Interspecific Ecometabolomics Tutorial • ecomet

This Relative Paths will work if you open the .Rjroject.

pak::pak("phytoecia/eCOMET", upgrade = TRUE)

library(here)
here()

library(ecomet)
library(dplyr)
library(ggplot2)

Background

In this tutorial, we will demonstrate how to use the eCOMET package for analyzing multiple species of trees that co-occur accross a network of forest plots. We start by comparing chemical richness and diversity across samples. We then compare the composition of samples using dimensional reduction (hierarchical clustering, PCAs, NMDS) to display how samples within groups compare to one another. Up until this point, we have assumed that all MZ-RT features are (statistically) independent. However,this assumption is often wrong when analyzing untargeted metabolomic datasets because multiple features are detected for each compound (i.e. adducts, isotopes and in-source fragments). To address this in the second half of the tutorial we take measures to account for associations between features, first by grouping features from to the same metabolite, and then by accounting for structural similarity between features.

Unlike in a treatment based study, where the expectation is that many compounds will be shared between treatment groups, and the goal is to identify differential expressed metabolites. In studies comparing across species, we are often presented with a case where the vast majority of compounds are not shared between groups (i.e species of plants). In these cases, metrics of chemical similarity can become relatively meaningless if we rely completely on shared MZ-RT features. To address this, chemical ecologists have integrated tools that account for relationships between detected features - feature based and ion identity molecular networking and structurally weighted scores of chemical similarity.
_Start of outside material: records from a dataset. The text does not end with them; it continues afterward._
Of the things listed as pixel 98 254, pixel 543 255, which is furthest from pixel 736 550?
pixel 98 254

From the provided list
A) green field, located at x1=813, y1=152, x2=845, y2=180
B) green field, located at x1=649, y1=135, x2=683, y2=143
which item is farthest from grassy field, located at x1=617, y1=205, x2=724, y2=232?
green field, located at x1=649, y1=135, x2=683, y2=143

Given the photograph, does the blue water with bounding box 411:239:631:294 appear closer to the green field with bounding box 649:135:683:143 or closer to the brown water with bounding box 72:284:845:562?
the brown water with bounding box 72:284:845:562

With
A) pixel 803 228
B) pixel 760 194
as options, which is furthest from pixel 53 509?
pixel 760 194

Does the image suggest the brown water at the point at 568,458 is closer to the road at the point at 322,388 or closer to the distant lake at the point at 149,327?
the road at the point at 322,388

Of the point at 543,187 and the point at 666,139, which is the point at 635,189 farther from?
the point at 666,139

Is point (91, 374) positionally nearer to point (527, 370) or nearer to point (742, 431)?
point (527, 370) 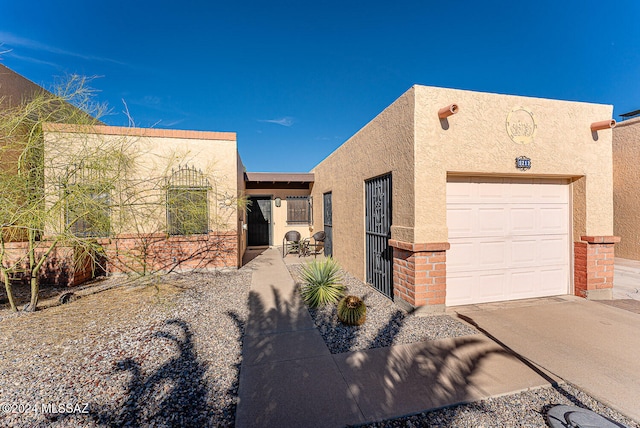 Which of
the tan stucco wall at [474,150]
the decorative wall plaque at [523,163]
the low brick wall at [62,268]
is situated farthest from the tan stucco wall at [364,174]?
the low brick wall at [62,268]

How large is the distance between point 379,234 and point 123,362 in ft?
14.6

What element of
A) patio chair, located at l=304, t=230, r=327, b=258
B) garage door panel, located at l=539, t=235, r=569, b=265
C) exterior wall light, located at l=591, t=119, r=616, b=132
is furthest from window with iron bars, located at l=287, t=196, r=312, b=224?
exterior wall light, located at l=591, t=119, r=616, b=132

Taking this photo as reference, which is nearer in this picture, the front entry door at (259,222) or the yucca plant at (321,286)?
the yucca plant at (321,286)

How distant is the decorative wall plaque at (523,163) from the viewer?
14.5 feet

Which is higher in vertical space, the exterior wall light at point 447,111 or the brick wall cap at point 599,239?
the exterior wall light at point 447,111

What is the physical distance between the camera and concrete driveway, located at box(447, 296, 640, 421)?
8.16ft

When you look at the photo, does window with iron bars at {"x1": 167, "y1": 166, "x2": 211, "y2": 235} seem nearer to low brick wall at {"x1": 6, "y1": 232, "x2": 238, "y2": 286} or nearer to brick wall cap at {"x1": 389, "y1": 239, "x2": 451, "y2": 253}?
low brick wall at {"x1": 6, "y1": 232, "x2": 238, "y2": 286}

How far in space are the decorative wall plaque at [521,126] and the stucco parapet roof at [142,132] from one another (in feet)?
21.0

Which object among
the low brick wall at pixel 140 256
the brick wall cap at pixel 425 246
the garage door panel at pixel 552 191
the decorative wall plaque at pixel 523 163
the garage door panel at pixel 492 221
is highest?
the decorative wall plaque at pixel 523 163

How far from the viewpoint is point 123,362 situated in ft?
9.46

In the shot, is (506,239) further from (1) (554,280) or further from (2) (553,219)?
(1) (554,280)

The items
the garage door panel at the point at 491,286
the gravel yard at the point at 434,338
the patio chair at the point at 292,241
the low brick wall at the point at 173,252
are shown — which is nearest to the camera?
the gravel yard at the point at 434,338

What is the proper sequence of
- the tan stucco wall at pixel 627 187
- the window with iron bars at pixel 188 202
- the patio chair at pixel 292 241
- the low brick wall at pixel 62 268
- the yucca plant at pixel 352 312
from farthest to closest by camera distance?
the patio chair at pixel 292 241 < the tan stucco wall at pixel 627 187 < the window with iron bars at pixel 188 202 < the low brick wall at pixel 62 268 < the yucca plant at pixel 352 312

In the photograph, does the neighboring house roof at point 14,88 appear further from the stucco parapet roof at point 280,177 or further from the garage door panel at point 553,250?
A: the garage door panel at point 553,250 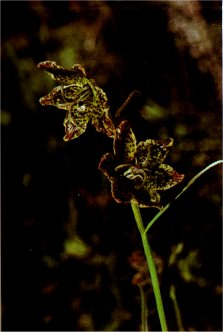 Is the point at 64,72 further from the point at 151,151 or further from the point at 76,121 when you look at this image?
the point at 151,151

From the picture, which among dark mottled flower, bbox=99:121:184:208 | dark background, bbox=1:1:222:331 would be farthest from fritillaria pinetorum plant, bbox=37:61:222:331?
dark background, bbox=1:1:222:331

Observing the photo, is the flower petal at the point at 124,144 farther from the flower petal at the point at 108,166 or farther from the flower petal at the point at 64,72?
the flower petal at the point at 64,72

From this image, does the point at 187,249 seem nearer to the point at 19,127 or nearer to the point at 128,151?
the point at 128,151

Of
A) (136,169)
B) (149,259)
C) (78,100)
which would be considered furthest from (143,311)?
(78,100)

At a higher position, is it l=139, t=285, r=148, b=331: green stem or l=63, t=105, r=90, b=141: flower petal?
l=63, t=105, r=90, b=141: flower petal

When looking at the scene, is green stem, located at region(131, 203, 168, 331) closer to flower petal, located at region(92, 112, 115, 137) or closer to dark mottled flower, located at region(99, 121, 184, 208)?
dark mottled flower, located at region(99, 121, 184, 208)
These tools take into account for the fact that although two samples do not contain the same mz-rt feature, they both are producing compounds from the same biosynthetic origin and thus, should be considered more chemically similar than another sample that produces compounds from a different class/pathway.
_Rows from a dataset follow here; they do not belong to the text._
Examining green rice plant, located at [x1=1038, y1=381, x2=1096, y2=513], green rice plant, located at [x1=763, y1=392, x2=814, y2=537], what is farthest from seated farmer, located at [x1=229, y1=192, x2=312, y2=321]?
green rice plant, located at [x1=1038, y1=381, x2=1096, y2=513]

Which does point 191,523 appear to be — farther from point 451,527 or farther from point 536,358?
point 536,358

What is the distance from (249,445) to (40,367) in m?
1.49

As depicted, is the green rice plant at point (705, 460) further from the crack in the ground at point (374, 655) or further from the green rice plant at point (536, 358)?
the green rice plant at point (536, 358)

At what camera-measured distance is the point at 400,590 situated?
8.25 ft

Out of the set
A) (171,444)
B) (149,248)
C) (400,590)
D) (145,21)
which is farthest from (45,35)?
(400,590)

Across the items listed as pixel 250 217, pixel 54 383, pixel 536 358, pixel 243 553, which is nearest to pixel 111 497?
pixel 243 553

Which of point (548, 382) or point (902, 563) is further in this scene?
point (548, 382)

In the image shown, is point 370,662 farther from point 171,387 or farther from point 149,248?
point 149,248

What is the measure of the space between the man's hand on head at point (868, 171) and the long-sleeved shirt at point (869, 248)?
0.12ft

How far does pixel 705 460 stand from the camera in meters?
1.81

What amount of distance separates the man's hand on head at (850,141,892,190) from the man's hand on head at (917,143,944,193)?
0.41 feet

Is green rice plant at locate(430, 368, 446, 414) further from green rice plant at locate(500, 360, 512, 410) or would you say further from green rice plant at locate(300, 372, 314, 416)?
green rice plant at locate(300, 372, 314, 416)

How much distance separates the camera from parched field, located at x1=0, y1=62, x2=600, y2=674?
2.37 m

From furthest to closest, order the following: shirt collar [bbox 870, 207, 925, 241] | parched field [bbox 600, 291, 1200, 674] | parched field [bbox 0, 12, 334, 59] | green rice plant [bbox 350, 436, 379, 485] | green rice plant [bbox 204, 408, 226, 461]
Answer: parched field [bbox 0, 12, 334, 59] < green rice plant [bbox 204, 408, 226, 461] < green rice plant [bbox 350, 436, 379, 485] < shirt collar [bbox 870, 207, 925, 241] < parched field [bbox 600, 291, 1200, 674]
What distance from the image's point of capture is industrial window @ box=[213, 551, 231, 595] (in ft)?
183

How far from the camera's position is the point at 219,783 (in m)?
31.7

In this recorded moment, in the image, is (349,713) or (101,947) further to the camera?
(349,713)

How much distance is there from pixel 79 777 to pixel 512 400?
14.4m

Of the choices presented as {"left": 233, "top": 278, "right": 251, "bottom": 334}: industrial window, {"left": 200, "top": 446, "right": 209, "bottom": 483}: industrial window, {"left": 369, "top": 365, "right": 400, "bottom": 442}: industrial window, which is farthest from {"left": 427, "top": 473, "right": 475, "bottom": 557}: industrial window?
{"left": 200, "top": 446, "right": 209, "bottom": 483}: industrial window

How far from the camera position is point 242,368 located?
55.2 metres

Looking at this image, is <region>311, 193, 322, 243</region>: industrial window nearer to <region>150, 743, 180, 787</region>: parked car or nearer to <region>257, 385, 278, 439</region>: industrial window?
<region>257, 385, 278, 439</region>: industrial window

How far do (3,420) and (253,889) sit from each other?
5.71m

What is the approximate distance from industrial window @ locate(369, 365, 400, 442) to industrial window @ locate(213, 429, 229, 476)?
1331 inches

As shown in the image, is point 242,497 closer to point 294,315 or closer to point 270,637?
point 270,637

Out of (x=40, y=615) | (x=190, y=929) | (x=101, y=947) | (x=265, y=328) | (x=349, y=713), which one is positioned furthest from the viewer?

Step 1: Load input data and generate the MMO object

here()

demo_feature <- here("tutorial/tutorial_2_interspecific/EcoMET_Interspecific_full_feature_table.csv")
demo_metadata <- here("tutorial/tutorial_2_interspecific/EcoMET_Interspecific_metadata_no_blank.csv")
demo_sirius_formula <- here("tutorial/tutorial_2_interspecific/canopus_formula_summary.tsv")
demo_sirius_structure <- here("tutorial/tutorial_2_interspecific/structure_identifications.tsv")
demo_dreams <- here("tutorial/tutorial_2_interspecific/EcoMET_Interspecific_edges_dreams_dreams.csv")

# Initialize eCOMET object
here()

mmo <- GetMZmineFeature(mzmine_dir=demo_feature, metadata_dir = demo_metadata, group_col = 'Species_binomial',sample_col = "filename")

mmo

Building the MMO object creates three objects:

Sample Metadata:

We are working with a dataset containing 10 species of tropical trees with 5-8 replicate samples for each species.

mmo$metadata

Feature info…

mmo$feature_info

Feature data…

Feature x Abundance matrix where the first two columns identify individual metabolites and the remaining columns represent the abundance in each sample

mmo$feature_data

Task 1: A) Calculate the number of features observed in each sample and each species:

We can use the GetAlphaDiversity function to calculate many diversity indices from the data. This function uses the functional hill framework(CITE) for calculating diversity and thus can integrate simple diversity measures (i.e. richness) or measures that take into account relative abundance of feature AND structural relationships between features.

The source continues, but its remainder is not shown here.